## What you have to do
Restate word for word the lines from the one bearing "Jodeco Bloemenvaas Avignon" through the end of the entries below, and leave every picture out.

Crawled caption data
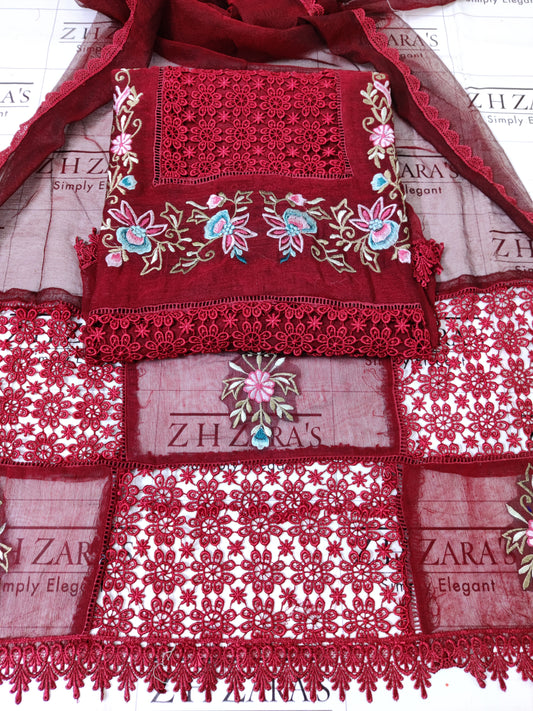 Maroonish Red Crochet 3pc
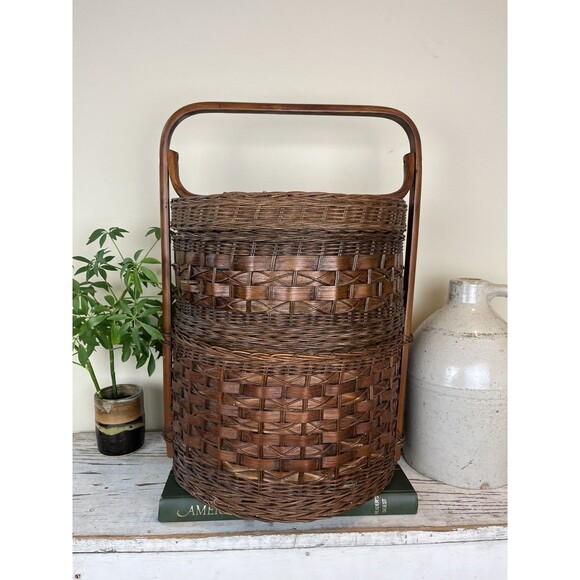 Vintage 2-Tier Chinese Asian Wedding Basket Woven Wicker Rattan Bamboo/Cane Boho - Picture 4 of 12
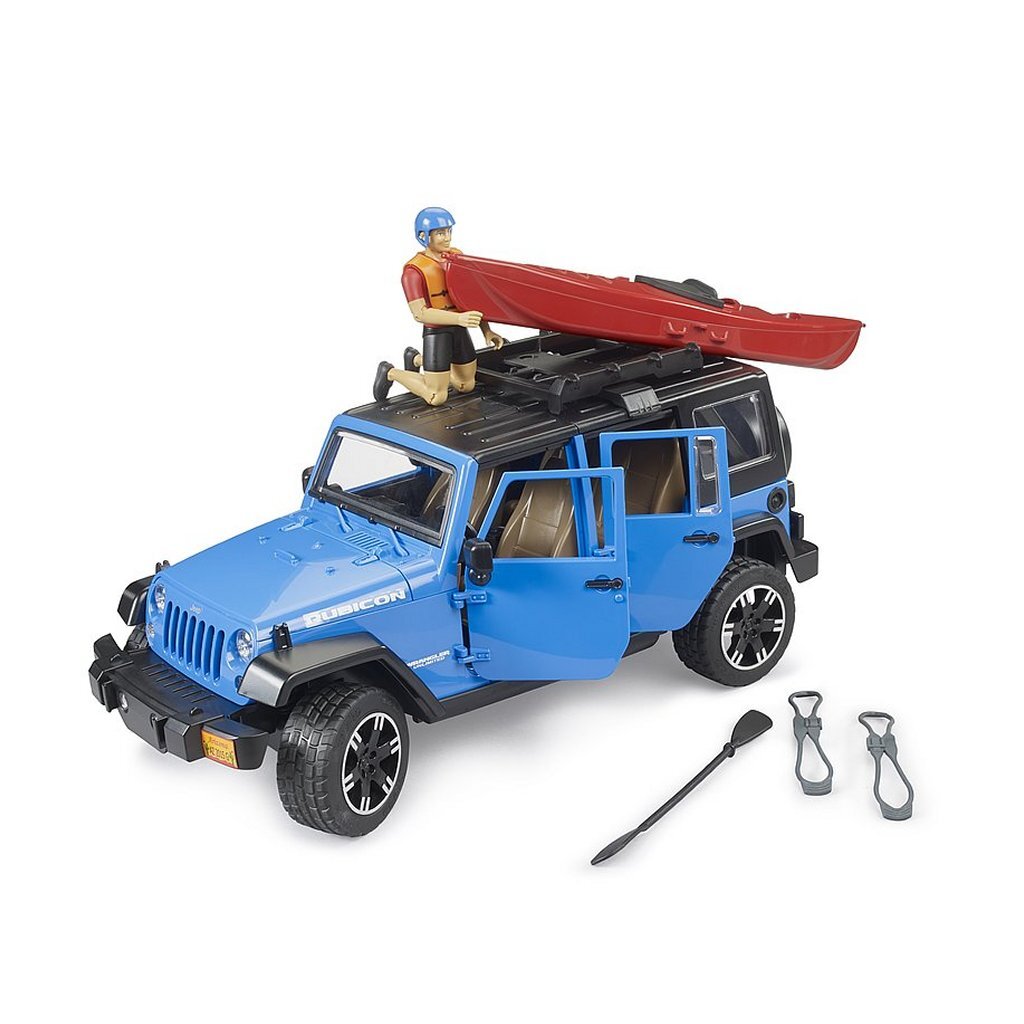 Bruder Jeep Wrangler Rubicon Unlimited with Kayak and Figure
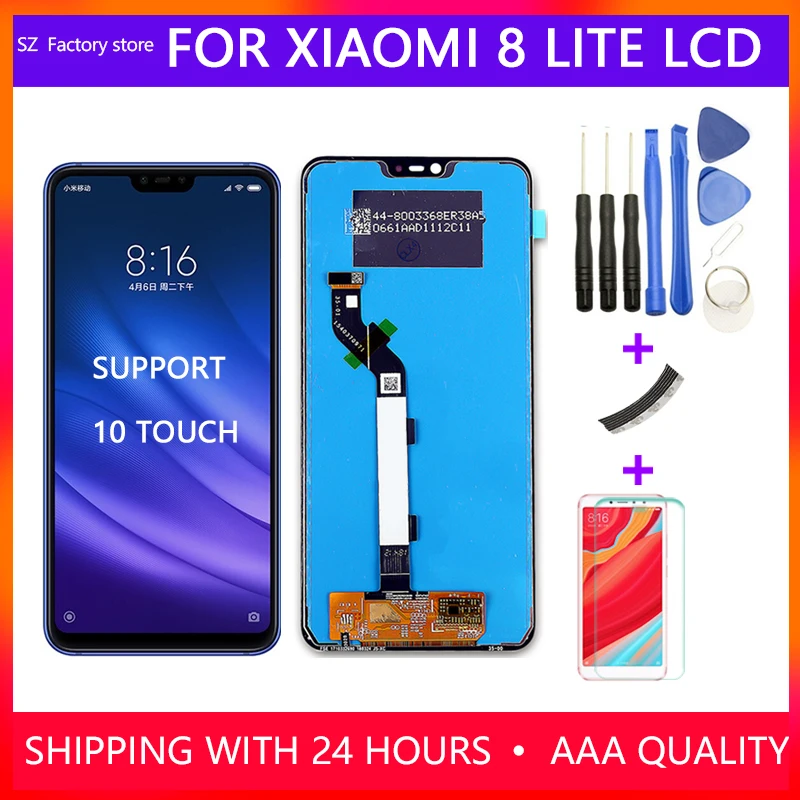 

6.26" Screen Replacement For Xiaomi Mi 8 Lite LCD Display & Touch Screen Digitizer Frame Assembly Set For Mi 8X Mi 8 Youth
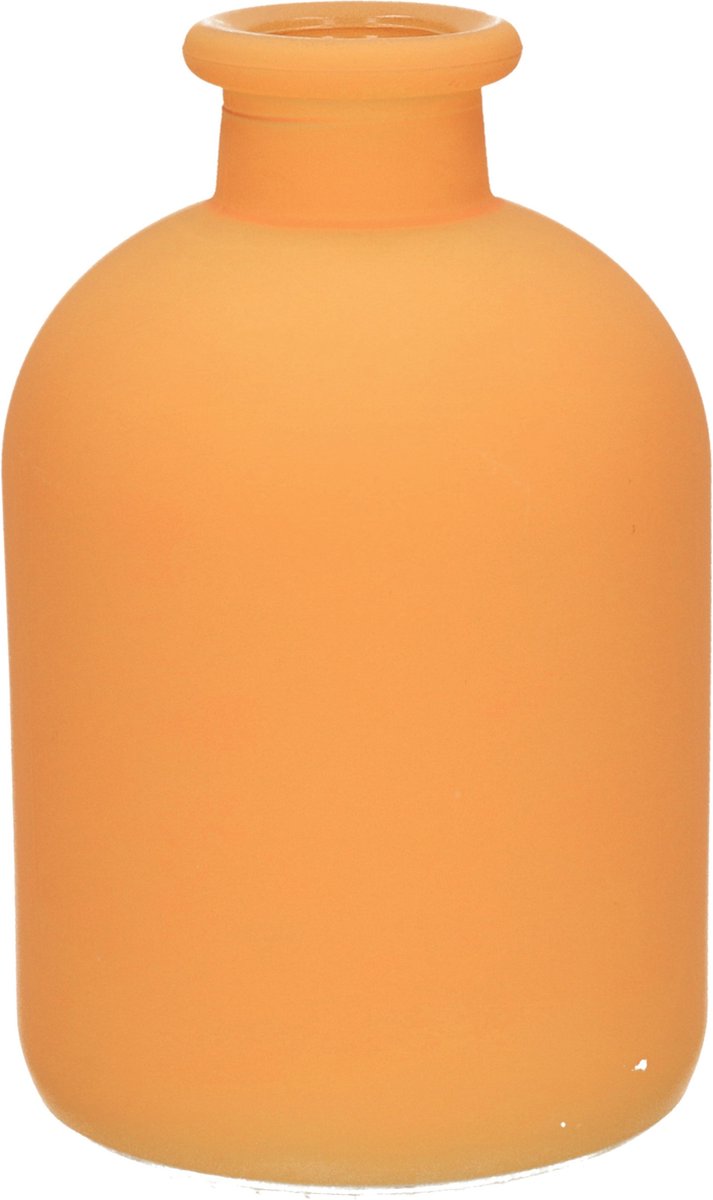 Jodeco Bloemenvaas Avignon - Fles model - glas - mat oranje - 17 x 11 cm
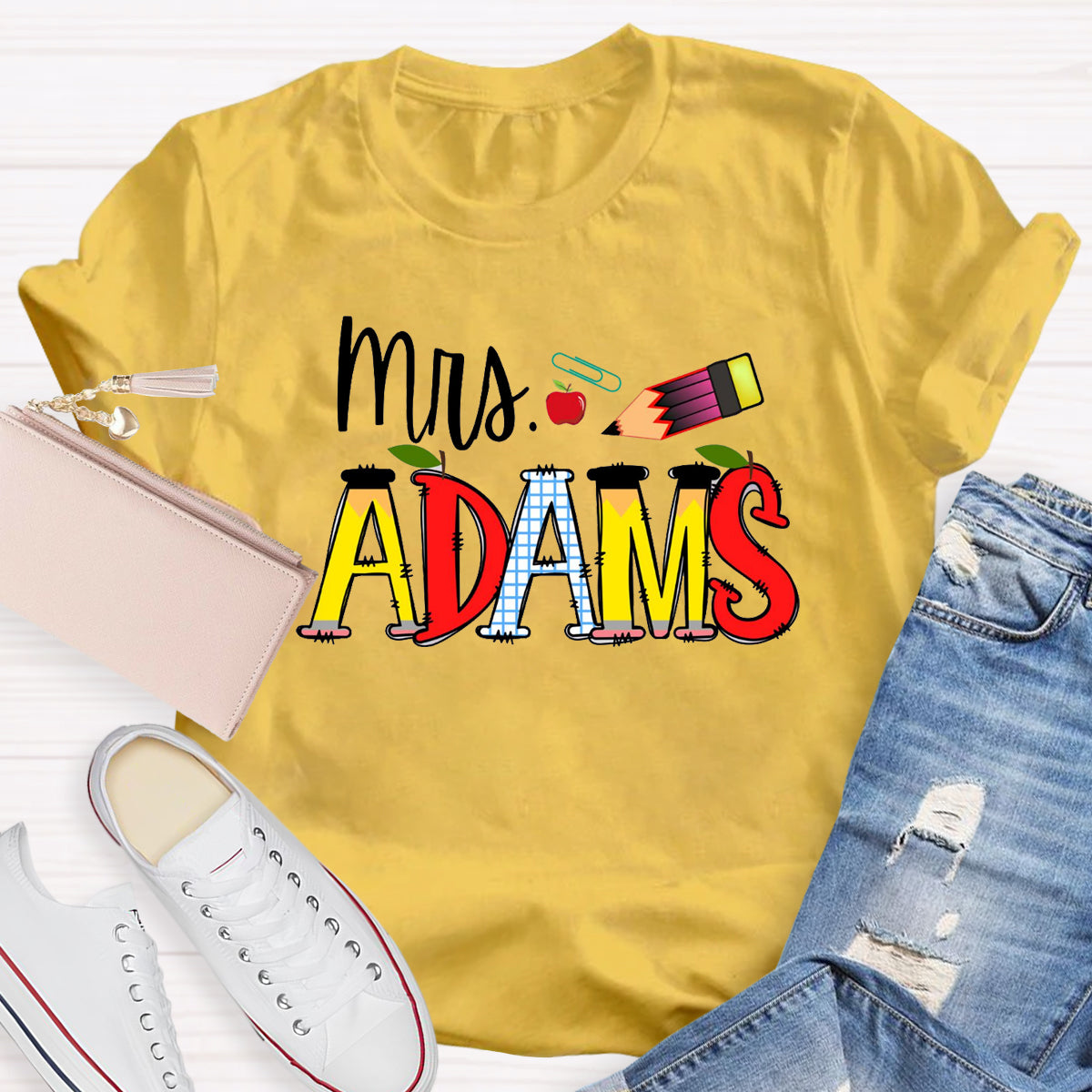 Personalized Teacher Name Apple Pencil T-Shirt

## Exercise result
 Jodeco Bloemenvaas Avignon - Fles model - glas - mat oranje - 17 x 11 cm
 Personalized Teacher Name Apple Pencil T-Shirt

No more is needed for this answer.